─── Dataset records ───
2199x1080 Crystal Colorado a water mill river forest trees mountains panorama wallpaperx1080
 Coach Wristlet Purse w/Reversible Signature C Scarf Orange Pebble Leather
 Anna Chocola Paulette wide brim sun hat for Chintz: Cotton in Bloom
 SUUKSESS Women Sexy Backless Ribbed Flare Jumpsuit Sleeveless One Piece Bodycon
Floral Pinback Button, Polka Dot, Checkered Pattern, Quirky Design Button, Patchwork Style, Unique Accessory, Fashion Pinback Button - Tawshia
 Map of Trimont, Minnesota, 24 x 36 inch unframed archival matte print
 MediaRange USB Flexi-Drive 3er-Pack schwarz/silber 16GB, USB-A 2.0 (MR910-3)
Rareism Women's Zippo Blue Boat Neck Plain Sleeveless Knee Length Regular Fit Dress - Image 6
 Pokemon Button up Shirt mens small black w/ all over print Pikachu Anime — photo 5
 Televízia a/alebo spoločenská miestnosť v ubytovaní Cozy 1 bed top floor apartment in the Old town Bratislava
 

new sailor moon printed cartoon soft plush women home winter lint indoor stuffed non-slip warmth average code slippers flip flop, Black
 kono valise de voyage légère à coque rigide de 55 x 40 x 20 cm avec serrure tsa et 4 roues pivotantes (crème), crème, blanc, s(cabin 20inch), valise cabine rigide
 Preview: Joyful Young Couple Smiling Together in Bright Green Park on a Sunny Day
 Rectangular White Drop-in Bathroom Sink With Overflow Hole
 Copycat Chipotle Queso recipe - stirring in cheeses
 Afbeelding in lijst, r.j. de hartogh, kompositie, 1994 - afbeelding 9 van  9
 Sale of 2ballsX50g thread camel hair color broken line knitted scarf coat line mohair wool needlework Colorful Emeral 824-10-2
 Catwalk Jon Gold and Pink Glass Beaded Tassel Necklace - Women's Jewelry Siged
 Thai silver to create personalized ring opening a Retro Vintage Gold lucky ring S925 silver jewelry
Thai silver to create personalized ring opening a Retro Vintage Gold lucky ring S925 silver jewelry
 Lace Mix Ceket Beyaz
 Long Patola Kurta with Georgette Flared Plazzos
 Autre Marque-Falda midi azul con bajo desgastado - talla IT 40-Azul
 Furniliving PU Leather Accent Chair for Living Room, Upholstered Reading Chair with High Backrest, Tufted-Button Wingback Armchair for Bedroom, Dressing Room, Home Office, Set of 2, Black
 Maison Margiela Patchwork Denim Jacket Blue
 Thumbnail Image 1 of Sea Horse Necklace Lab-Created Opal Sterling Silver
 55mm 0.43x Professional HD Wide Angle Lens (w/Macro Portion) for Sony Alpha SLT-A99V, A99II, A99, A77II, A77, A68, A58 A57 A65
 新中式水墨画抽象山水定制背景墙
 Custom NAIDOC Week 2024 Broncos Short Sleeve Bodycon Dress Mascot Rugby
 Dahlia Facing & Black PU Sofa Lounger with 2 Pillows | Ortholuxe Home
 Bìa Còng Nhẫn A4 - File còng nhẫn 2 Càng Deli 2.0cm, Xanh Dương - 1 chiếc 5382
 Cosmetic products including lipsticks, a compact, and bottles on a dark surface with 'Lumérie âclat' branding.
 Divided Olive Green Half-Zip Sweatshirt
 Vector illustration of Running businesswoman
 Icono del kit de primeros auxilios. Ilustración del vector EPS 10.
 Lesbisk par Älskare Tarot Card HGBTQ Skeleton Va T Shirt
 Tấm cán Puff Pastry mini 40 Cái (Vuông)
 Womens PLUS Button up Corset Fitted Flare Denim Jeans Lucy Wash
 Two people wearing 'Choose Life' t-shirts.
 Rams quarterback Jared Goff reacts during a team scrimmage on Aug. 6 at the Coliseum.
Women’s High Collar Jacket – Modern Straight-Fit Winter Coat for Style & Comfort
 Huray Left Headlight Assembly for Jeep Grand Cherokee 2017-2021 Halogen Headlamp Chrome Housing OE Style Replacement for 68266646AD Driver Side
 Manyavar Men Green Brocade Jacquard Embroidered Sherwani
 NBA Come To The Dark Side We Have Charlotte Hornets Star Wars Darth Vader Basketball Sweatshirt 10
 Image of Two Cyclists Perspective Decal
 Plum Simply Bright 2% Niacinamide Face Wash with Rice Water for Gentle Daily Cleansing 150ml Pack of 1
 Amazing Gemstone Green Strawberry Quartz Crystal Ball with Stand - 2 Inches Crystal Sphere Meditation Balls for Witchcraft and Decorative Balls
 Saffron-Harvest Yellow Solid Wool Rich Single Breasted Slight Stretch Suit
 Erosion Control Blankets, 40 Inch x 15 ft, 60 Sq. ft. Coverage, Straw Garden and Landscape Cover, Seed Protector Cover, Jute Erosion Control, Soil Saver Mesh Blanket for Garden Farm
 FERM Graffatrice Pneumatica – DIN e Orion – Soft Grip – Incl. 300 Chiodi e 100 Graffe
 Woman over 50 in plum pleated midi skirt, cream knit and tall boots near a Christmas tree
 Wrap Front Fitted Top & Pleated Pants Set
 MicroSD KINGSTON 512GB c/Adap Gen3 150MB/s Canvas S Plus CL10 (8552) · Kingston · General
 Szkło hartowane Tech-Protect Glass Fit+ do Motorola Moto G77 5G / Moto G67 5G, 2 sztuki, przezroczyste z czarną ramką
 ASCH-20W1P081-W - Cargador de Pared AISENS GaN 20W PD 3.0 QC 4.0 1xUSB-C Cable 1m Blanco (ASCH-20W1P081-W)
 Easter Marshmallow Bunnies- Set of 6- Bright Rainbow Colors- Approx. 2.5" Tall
───
▶ [To do] Find the lines above that hold "Jacket", then copy each of them.

▶ [Response]
 Maison Margiela Patchwork Denim Jacket Blue
Women’s High Collar Jacket – Modern Straight-Fit Winter Coat for Style & Comfort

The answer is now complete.